(Data entries)
········

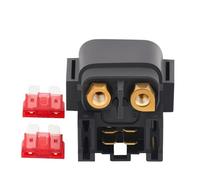 Motorcycle Starter Relay 12V Compatible With Automotive Motorcycle Parts Kodiak 450 YFM350 400 XV1600 XV1700 TTR125 TTR230 TTR90 YZFR1 GTS1000A BIG BEAR 250 2WD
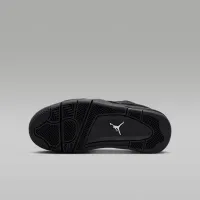 Nike Air Jordan 4RM Big дитячі Кросівки колір чорний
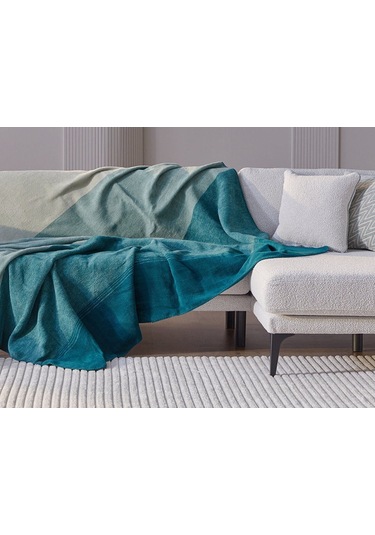 Doqu Pera Battaniye Tek Kişilik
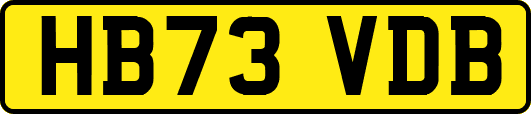 HB73VDB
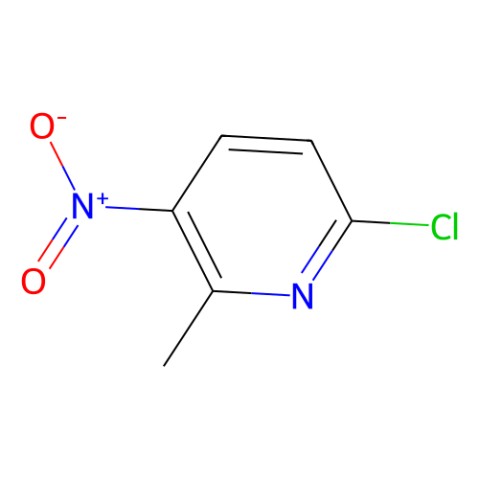aladdin 阿拉丁 C120734 6-氯-2-甲基-3-硝基吡啶 22280-60-0 98%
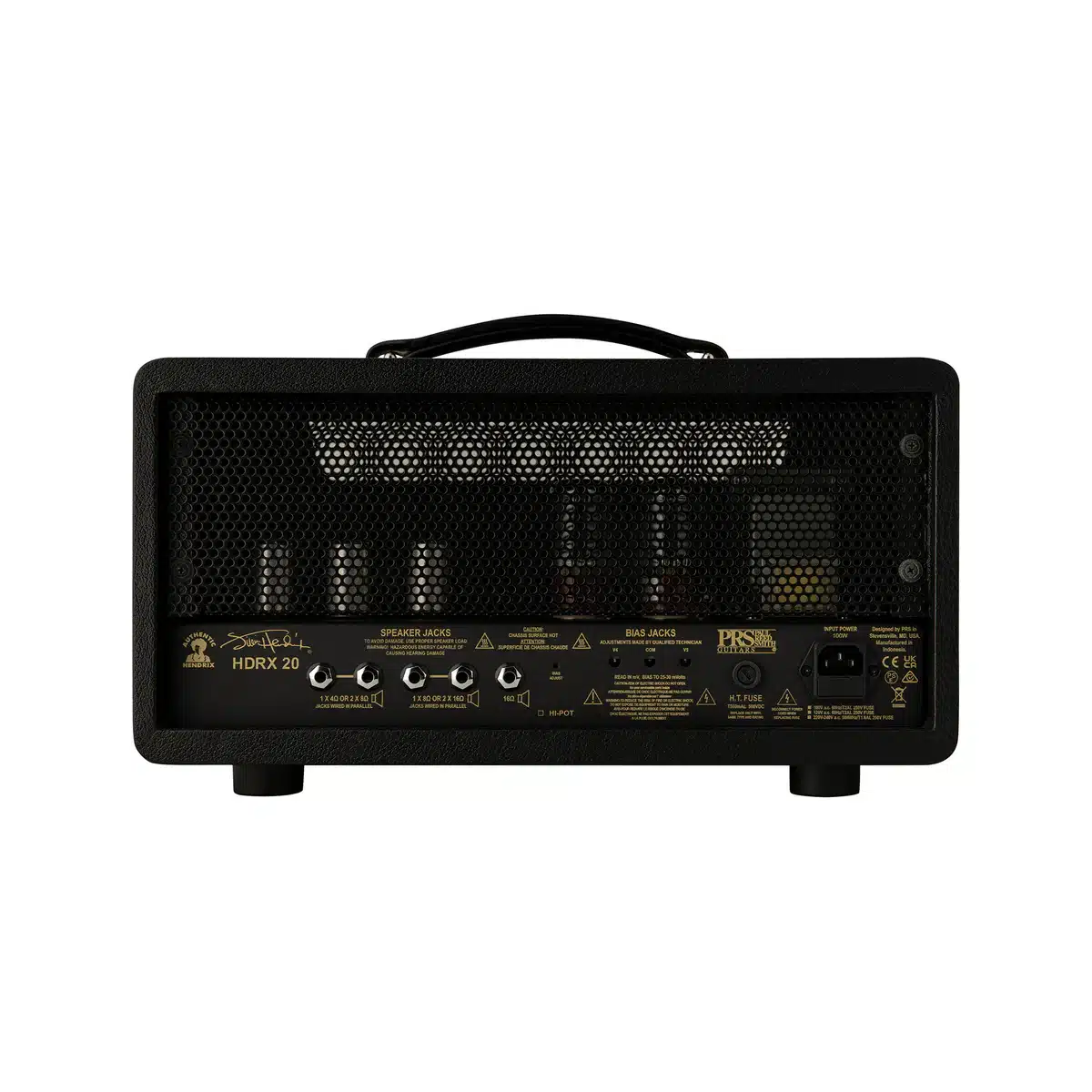 prs hdrx 20 head 4 prs hdrx 20 head 4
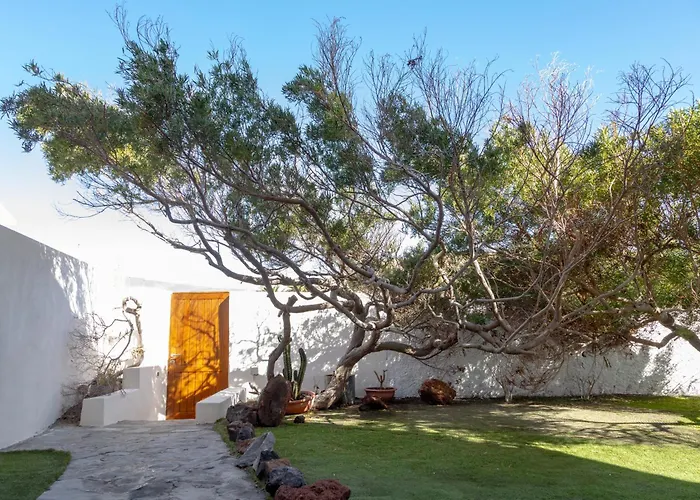 Vila Beachfront Medano & Infinity Jacuzzi & Warm Pool El Médano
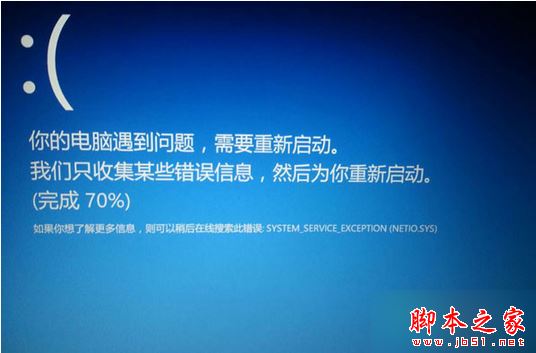 win8.1系统由于tdx.sys文件引起蓝屏的故障原因及解决方法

········

**EXERCISE INSTRUCTIONS**
First drop every picture, then print the data above exactly as it stands.

**REPLY**
 Motorcycle Starter Relay 12V Compatible With Automotive Motorcycle Parts Kodiak 450 YFM350 400 XV1600 XV1700 TTR125 TTR230 TTR90 YZFR1 GTS1000A BIG BEAR 250 2WD
 Nike Air Jordan 4RM Big дитячі Кросівки колір чорний
 Doqu Pera Battaniye Tek Kişilik
 HB73VDB
aladdin 阿拉丁 C120734 6-氯-2-甲基-3-硝基吡啶 22280-60-0 98%
 prs hdrx 20 head 4 prs hdrx 20 head 4
 Vila Beachfront Medano & Infinity Jacuzzi & Warm Pool El Médano
 win8.1系统由于tdx.sys文件引起蓝屏的故障原因及解决方法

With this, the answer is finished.